• Problem:
Beginning at the top of the entries below, retype each line exactly until the line containing "Dryopteridaceae Elaphoglossum correae" has been written out; include no pictures and no later lines.

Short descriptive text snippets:
-- Opening Marker --

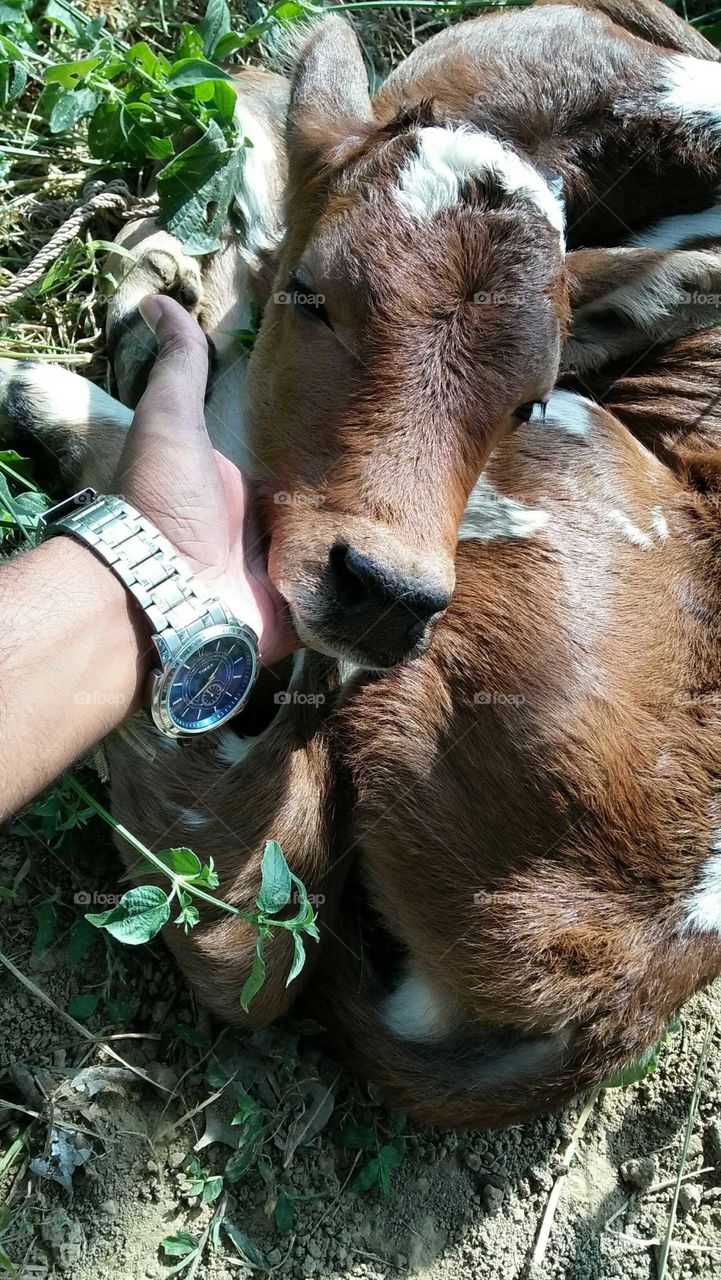 calf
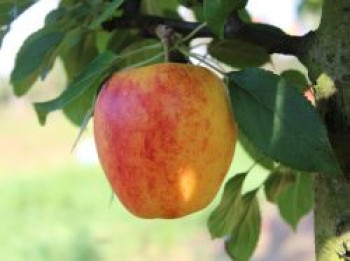 Sommerapfel 'Retina' ®, Stamm 40-60 cm, 120-160 cm, Malus 'Retina' ®, Containerware von Malus 'Retina' ®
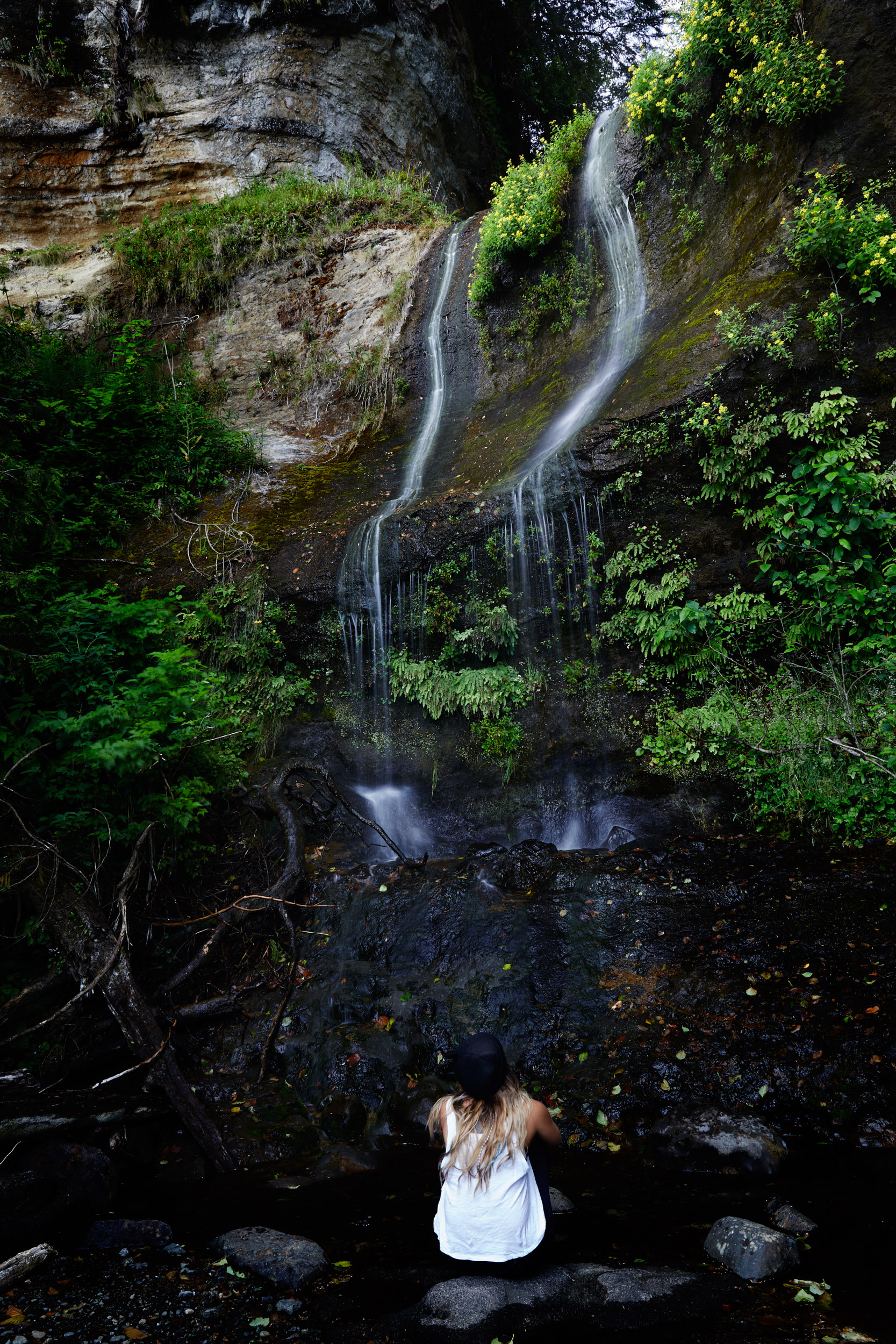 Juan de Fuca Trail 25.jpg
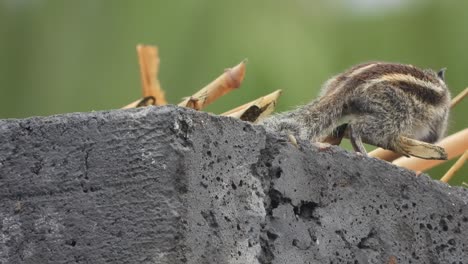 Eichhörnchen-Zu-Hause---Entspannen---Futter-Finden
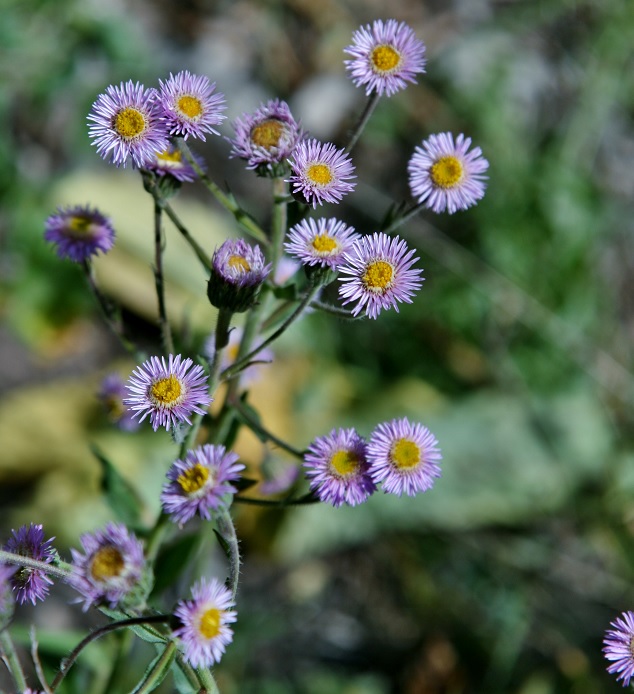 Image of genus Erigeron specimen.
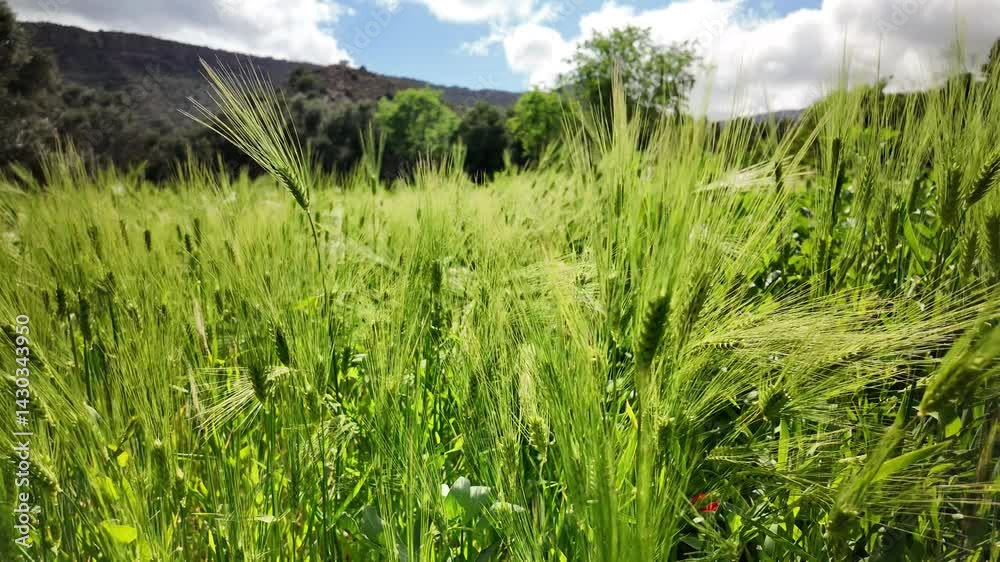 Tropical Vegetation and Barley Fields with Palm Trees – Aqsseri Highlands, Agadir, Morocco Tropical Vegetation and Barley Fields with Palm Trees – Aqsseri Highlands, Agadir, Morocco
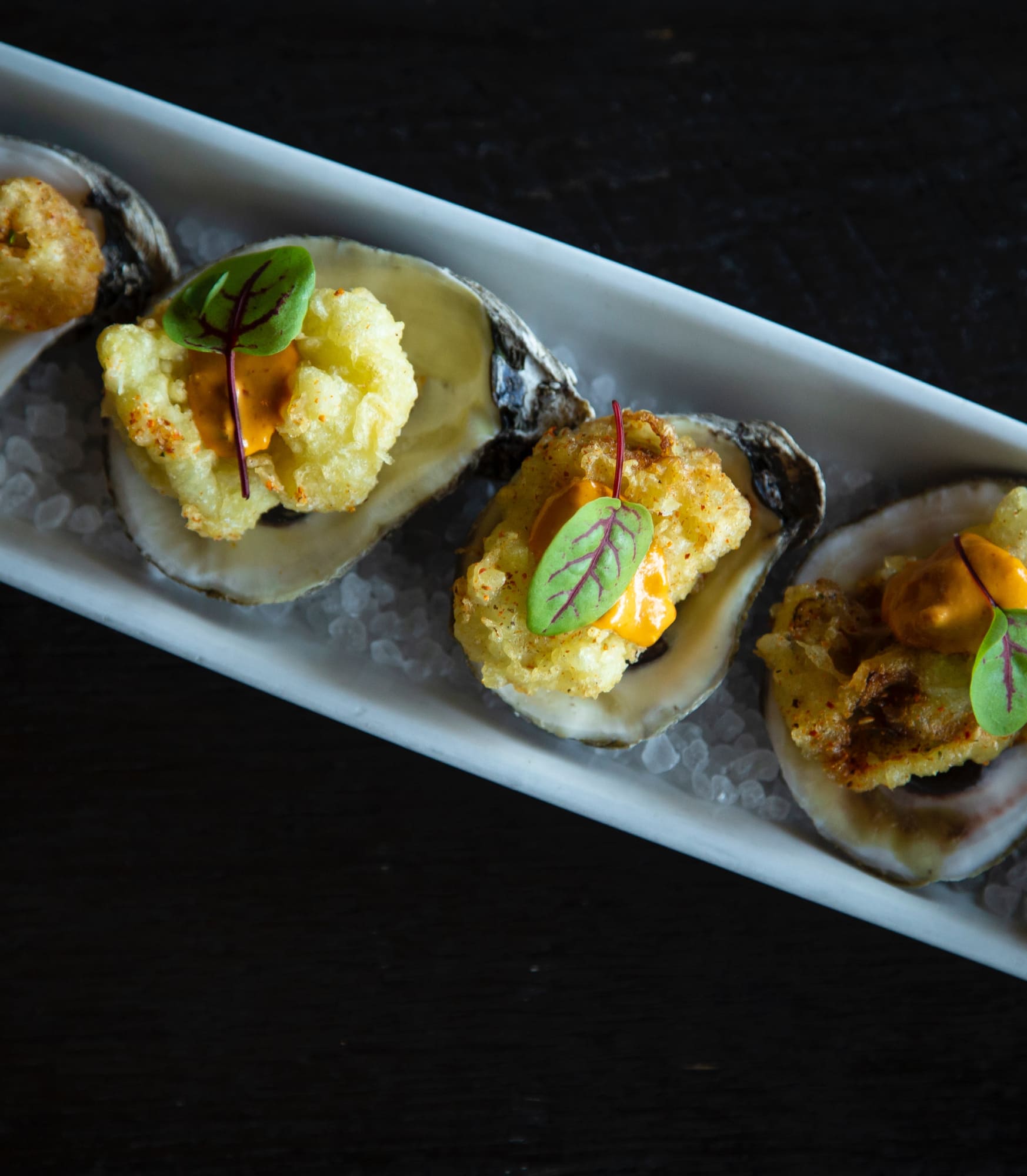 Oysters Oysters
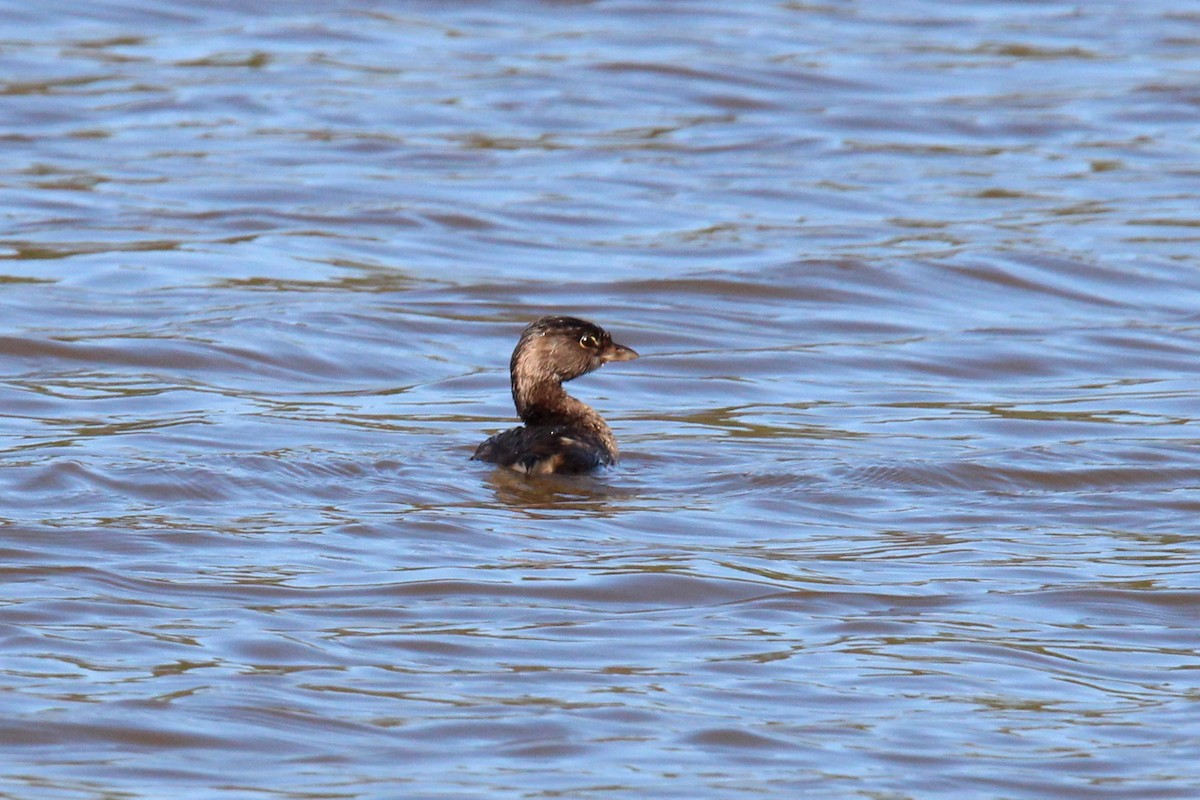 Pied-billed Grebe - ML496116171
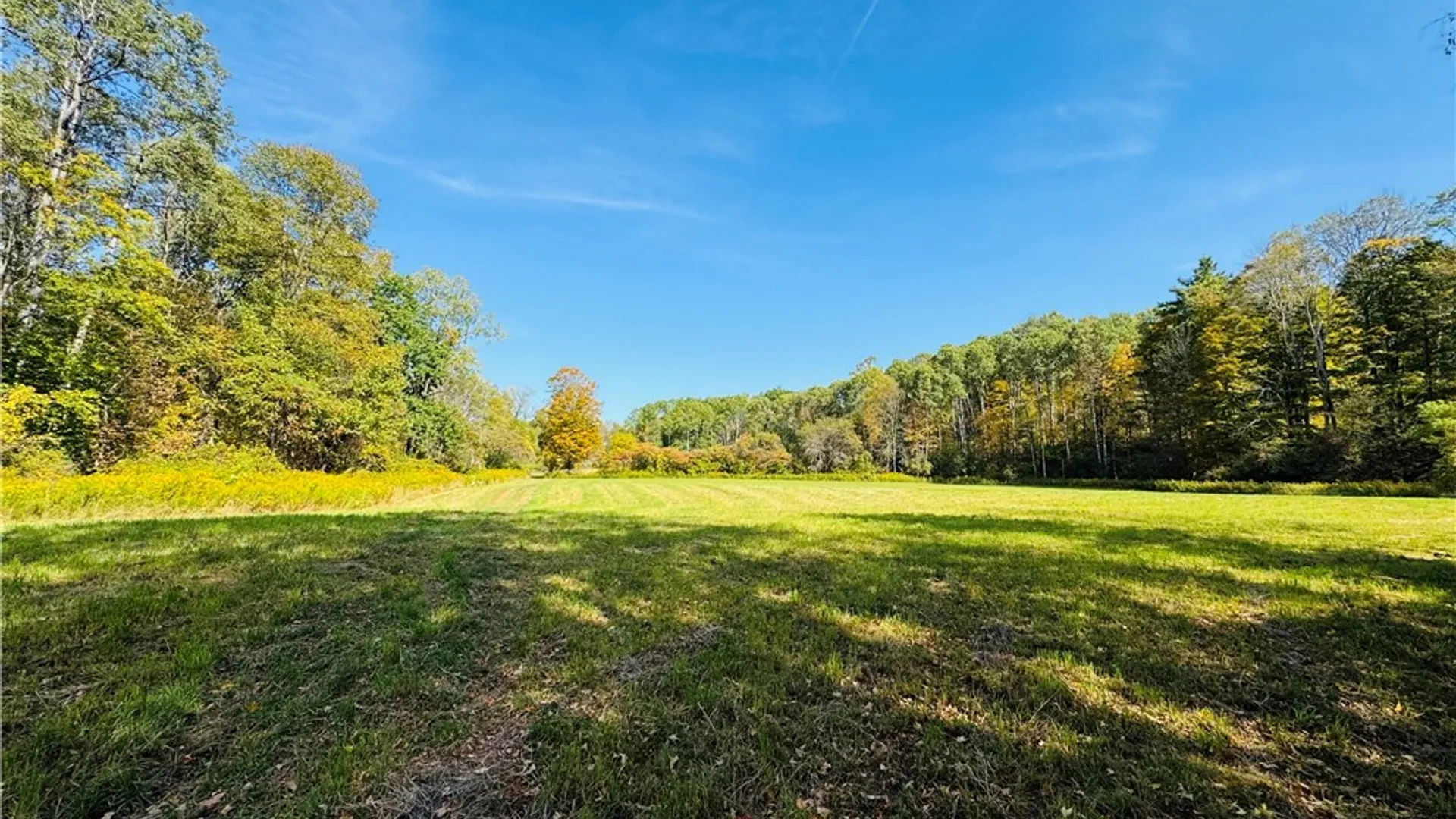 Property at 5537 County Road 16, Angelica, NY 14709 5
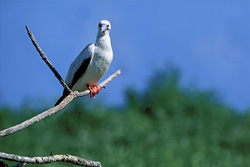 Red-footed Booby on the tree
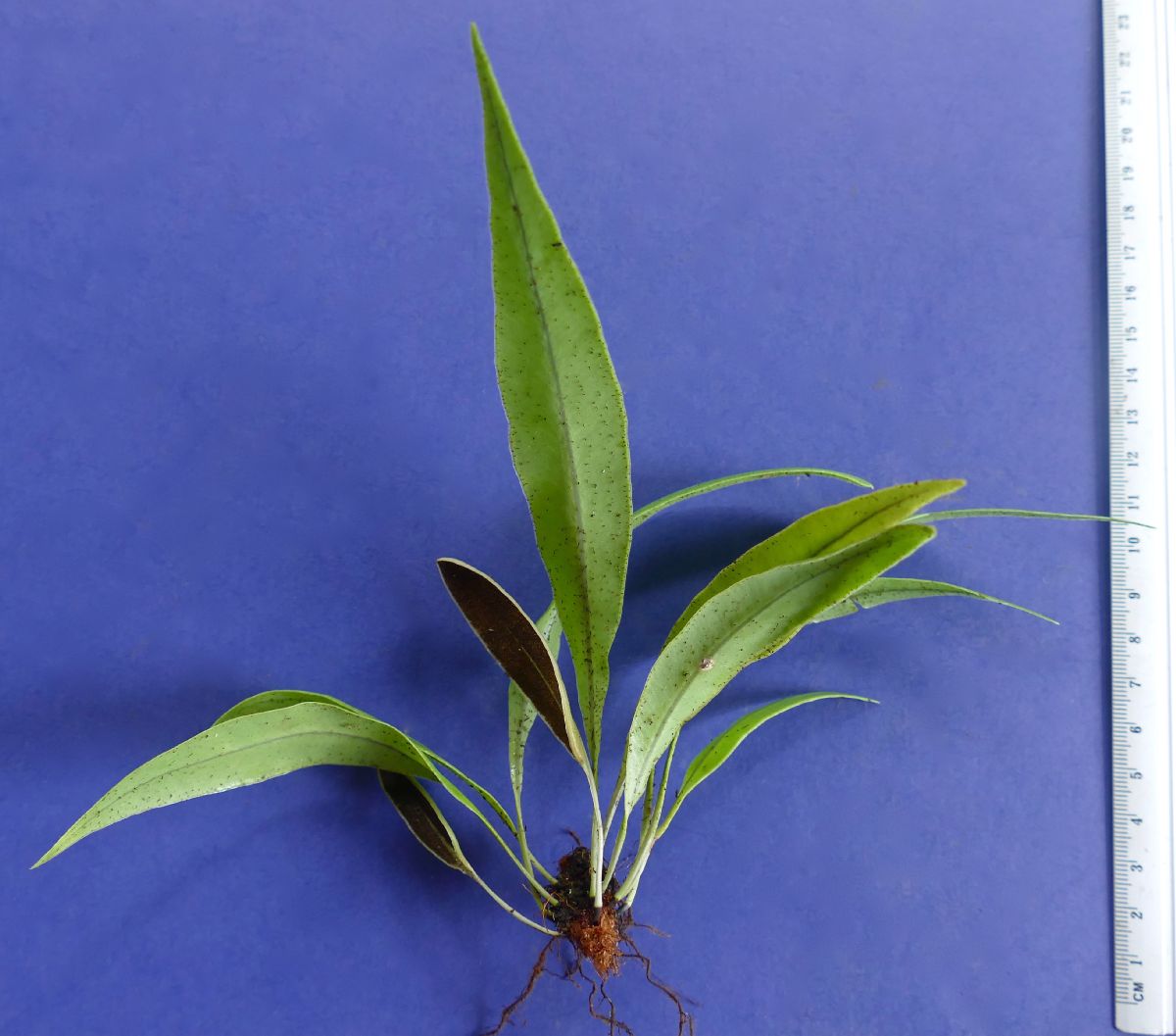 Dryopteridaceae Elaphoglossum correae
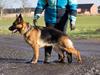 Schæferhund Vennebjergs Ronja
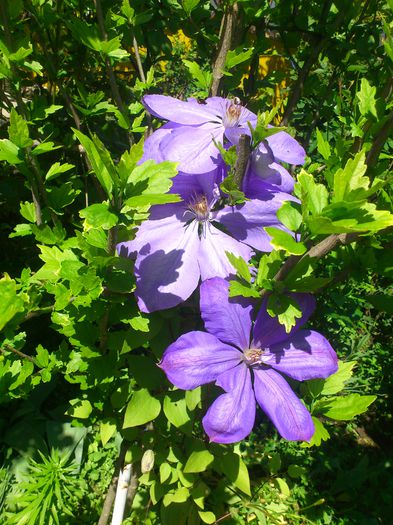 mrs Cholmondeley - Clematis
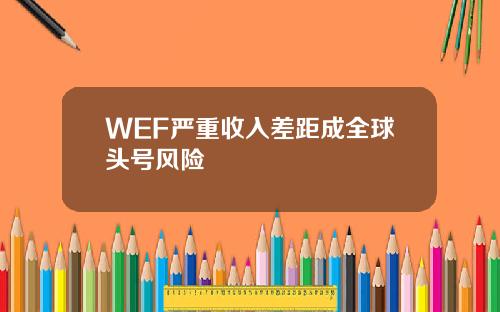 WEF严重收入差距成全球头号风险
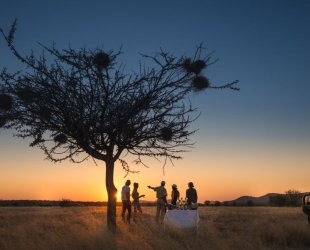 Ongava Lodge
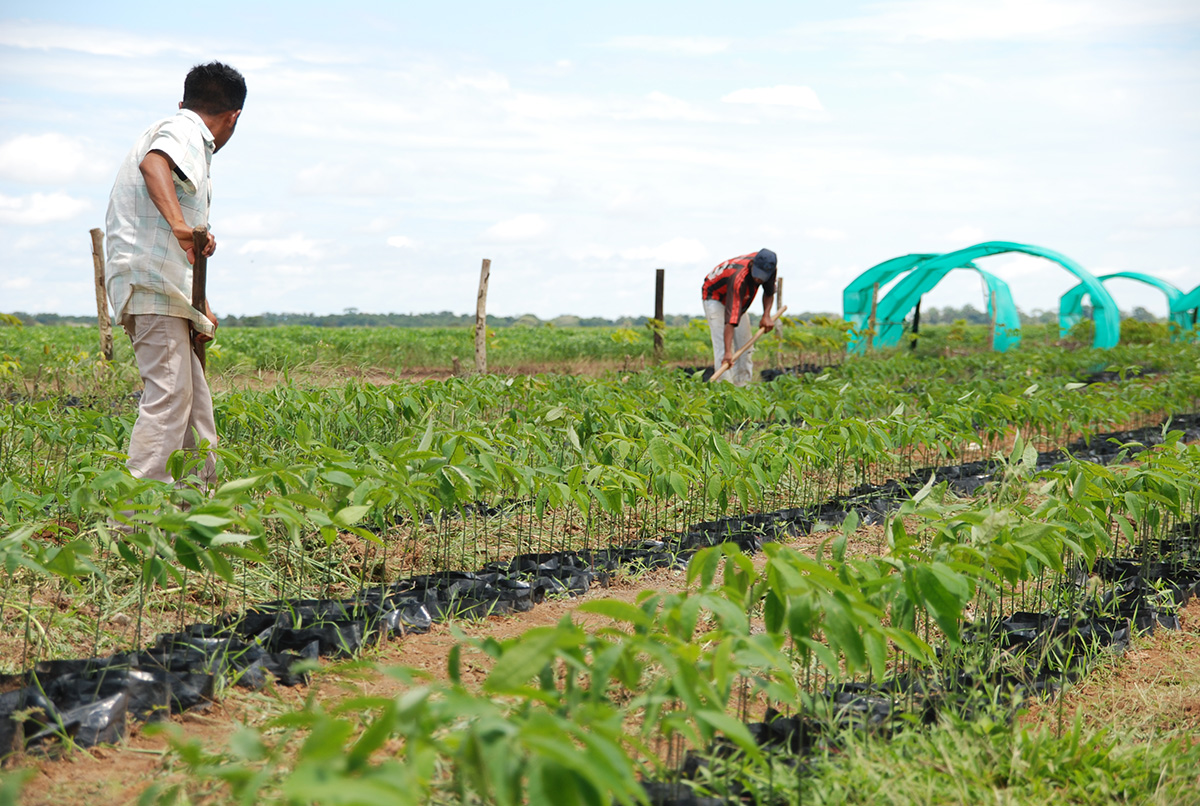 El sector que más aporta a las emisiones en el territorio nacional es el de la agricultura, silvicultura y otros usos de la tierra (Afolu). Foto: Agencia de Noticias - Unimedios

-- Closing Marker --

• Completed exercise:
 calf
 Sommerapfel 'Retina' ®, Stamm 40-60 cm, 120-160 cm, Malus 'Retina' ®, Containerware von Malus 'Retina' ®
 Juan de Fuca Trail 25.jpg
 Eichhörnchen-Zu-Hause---Entspannen---Futter-Finden
 Image of genus Erigeron specimen.
 Tropical Vegetation and Barley Fields with Palm Trees – Aqsseri Highlands, Agadir, Morocco Tropical Vegetation and Barley Fields with Palm Trees – Aqsseri Highlands, Agadir, Morocco
 Oysters Oysters
 Pied-billed Grebe - ML496116171
 Property at 5537 County Road 16, Angelica, NY 14709 5
 Red-footed Booby on the tree
 Dryopteridaceae Elaphoglossum correae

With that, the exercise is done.